Fastest way to delete millions of registers in sql server

114 Views Asked by At

I have a big table in SQL server which contains 136.651.894 of rows. One month ago were inserted 7.668.309 new rows with an error in one field. In the moment of the insert I create a copy table to ensure that this does not happen, but nobody saw the error and I dropped the table one week after the load process.

To delete the rows I create a procedure which select the max values per myID from the original table (this is because the error was that we add more zeros in the field value, so the max value is wrong and this register has to be deleted), and in a backup table I search this registers for myID and value and I delete the row.

For example one row is:

ID myId Value Other fields...
2 2345 25948238400 Other values...

The procedure is:

CREATE PROCEDURE [dbo].[P_DELETE_ROWS] 
AS BEGIN
    DECLARE @myId VARCHAR(22)
    DECLARE @value VARCHAR(20)

  DECLARE c_max CURSOR 
  FOR
    SELECT myId,max ([value]) as maxValue
    FROM t1Original
    group by  myId
    order by maxValuedesc

  OPEN c_max
    FETCH NEXT FROM c_max
    INTO @myId ,@value

  WHILE @@FETCH_STATUS = 0  
    BEGIN
        print 'Deleting '+@myId+' y caudal '+@value +''
        DELETE FROM [t1OriginalCopy] WHERE myId=@myIdAND value=@value
        FETCH NEXT FROM c_max 
        INTO @myId,@value
    END

  CLOSE c_maxs
  DEALLOCATE c_max
END

The problem of this is that it takes too much time, now is over 1 day of execution...
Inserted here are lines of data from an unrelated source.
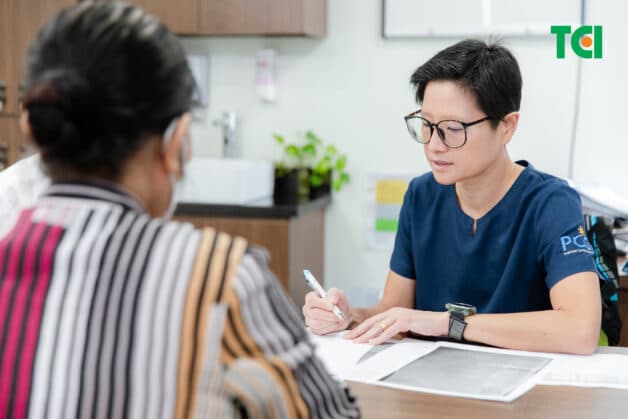 Bệnh ung thư vú giai đoạn 1 và cách điều trị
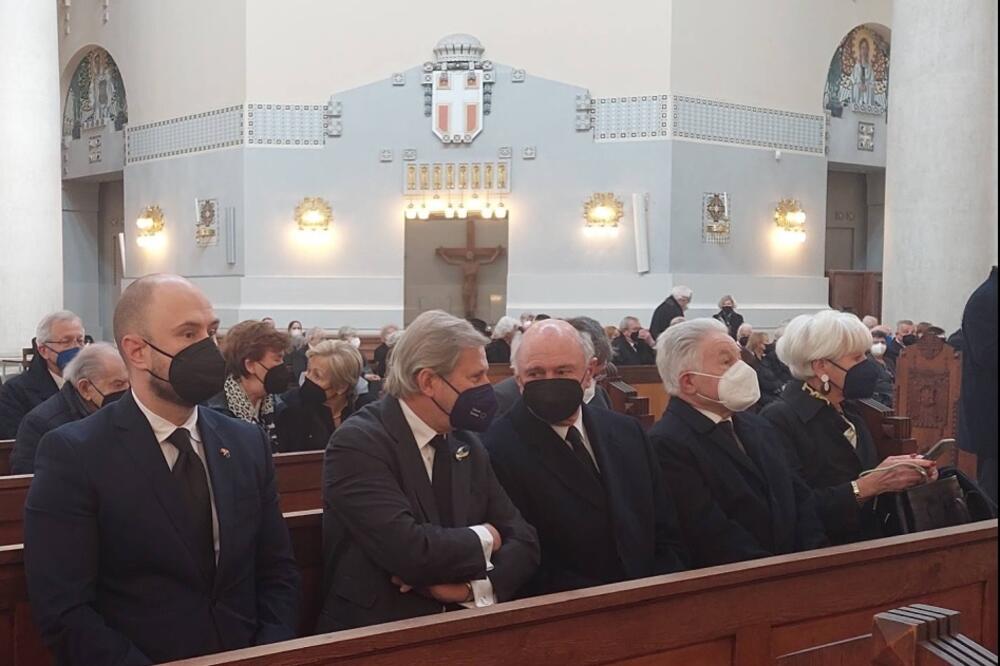 Radulović na sahrani Buseka, Foto: MVP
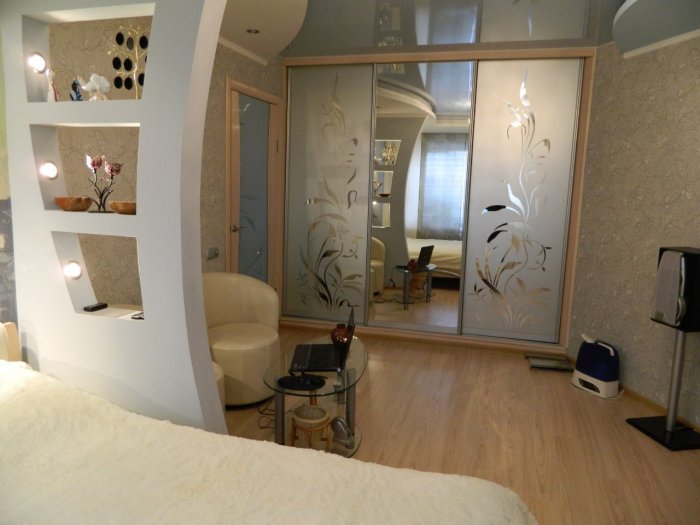 Встроенный шкаф-купе в гостиную в хрущевке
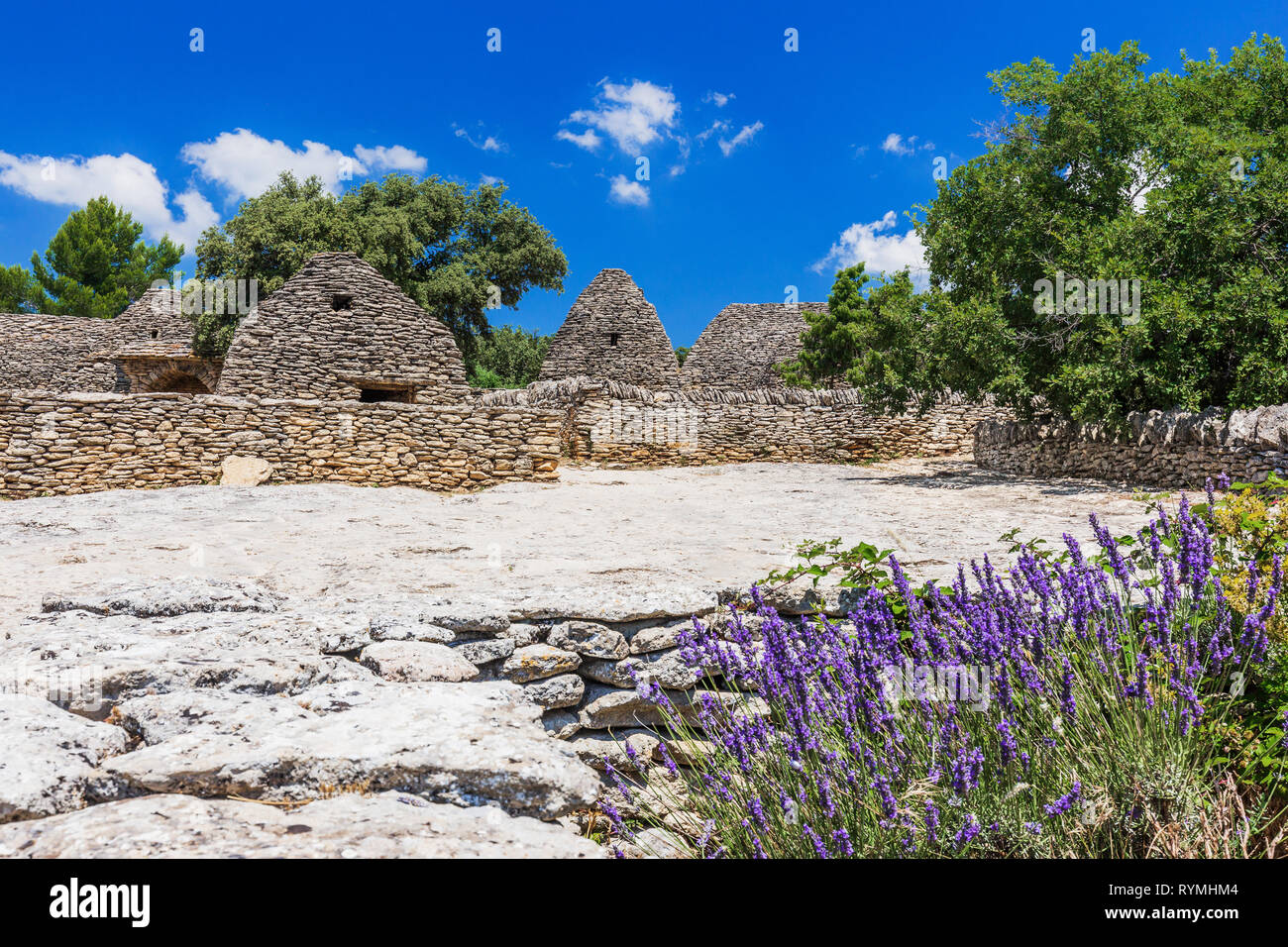 Provence, France. Village médiéval de bories. Banque D'Images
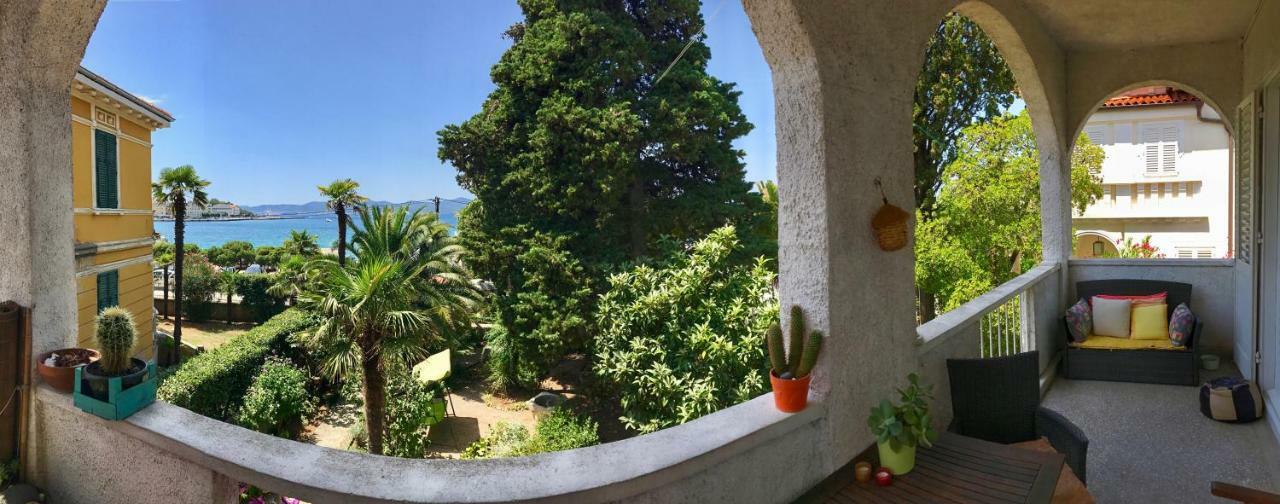 Secret Garden Apartment *
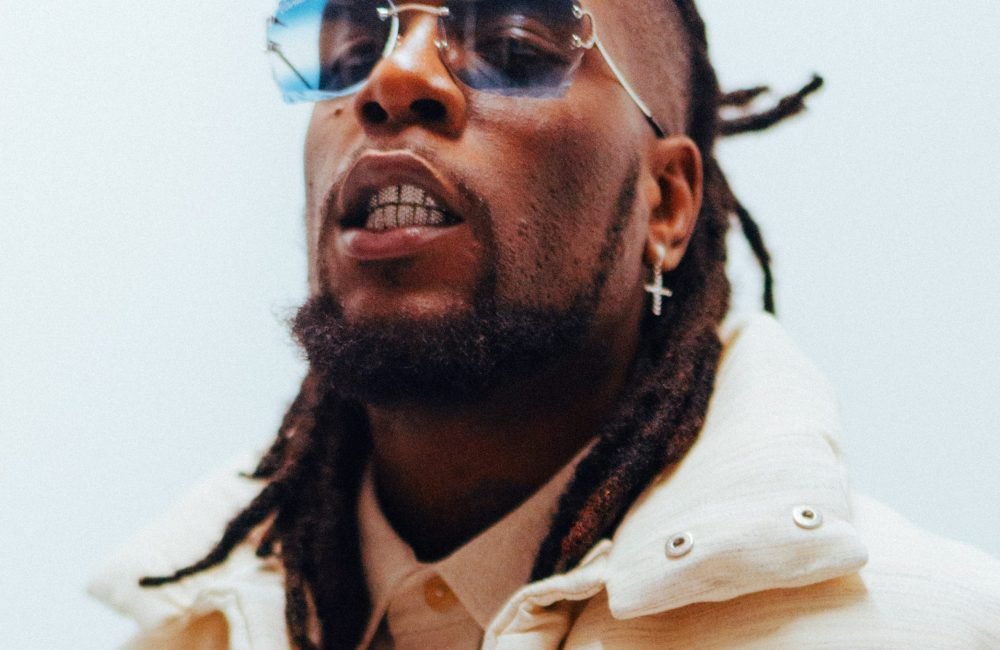 Burna Boy’s latest single, “Kilometre”, has ranked No. 1 on the Turntable Top 50 music for the second week.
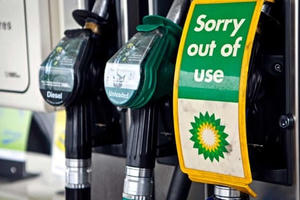 Ngành dầu mỏ thế giới bao giờ mới hết bi kịch?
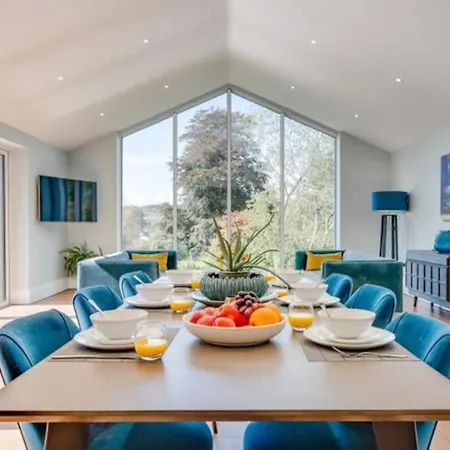 Luxury Edwardian With Lake Views *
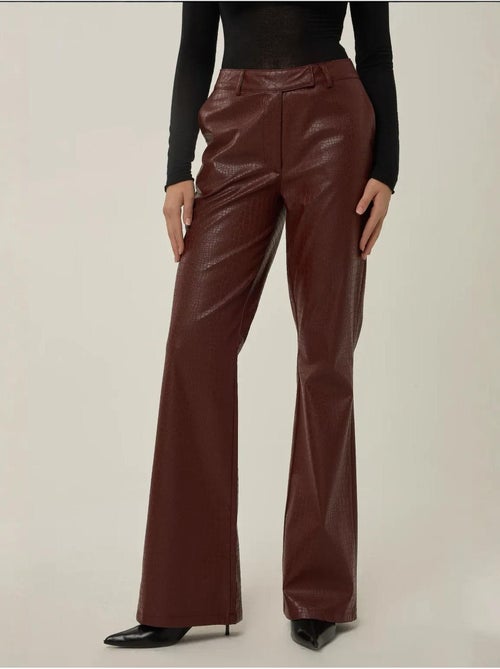 Pantalon évasé taille haute en simili cuir - Kiabi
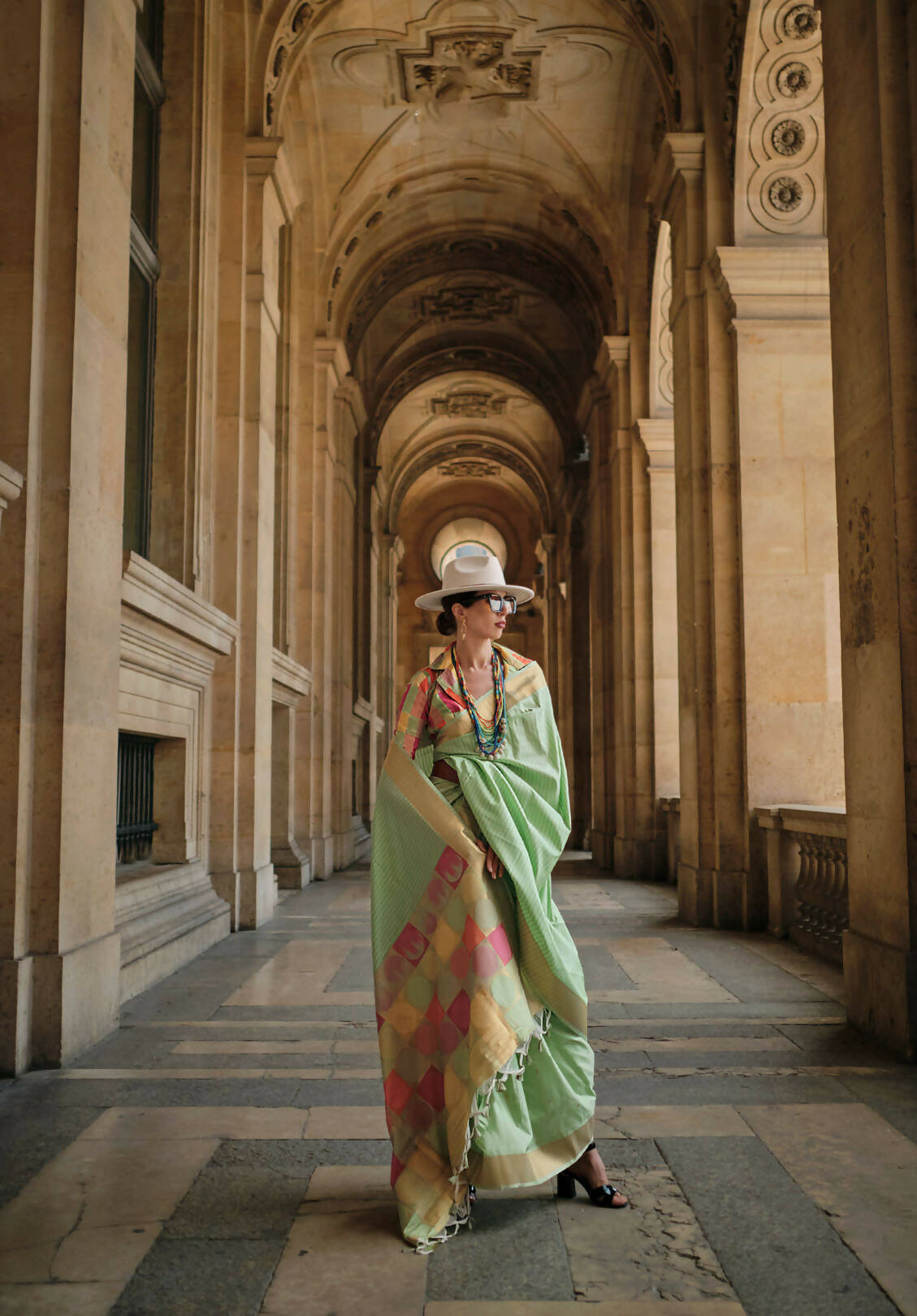Envy Greensoft Handloom Sik Zari & Thread Work, Contrast Pallu Saree - Rajtex Kube Silk - Swadesiicart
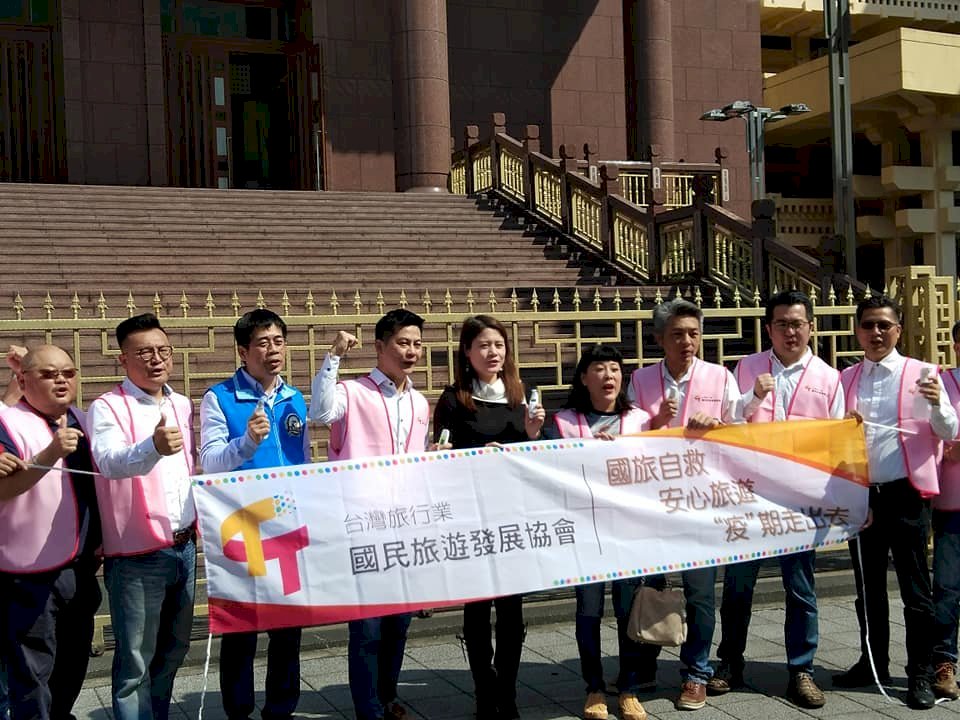 Dịch viêm phổi Covid-19 khiến ngành du lịch trong nước sa sút, các doanh nghiệp tự cứu vãn bằng cách tung ra sản phẩm tour “du lịch an tâm”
How can I improve the performance of this process?

2

There are 2 best solutions below

1
On BEST ANSWER

Use DENSE_RANK instead of CURSOR.

Try this

;WITH cte
     AS (SELECT Dense_rank()OVER(partition BY myId ORDER BY value DESC) rn,*
         FROM   [t1OriginalCopy])
DELETE FROM cte
WHERE  rn = 1 

If the table(t1OriginalCopy) will be used in parallel in some other operation then you may have to split the delete into batches to avoid locks

2
On

The server might be overloaded and unable to do other tasks if you try to delete all at once, so do it in batches that you can stop and continue later if necessary. Adjust 'top(100)' to change batch size, depending on how the server manages.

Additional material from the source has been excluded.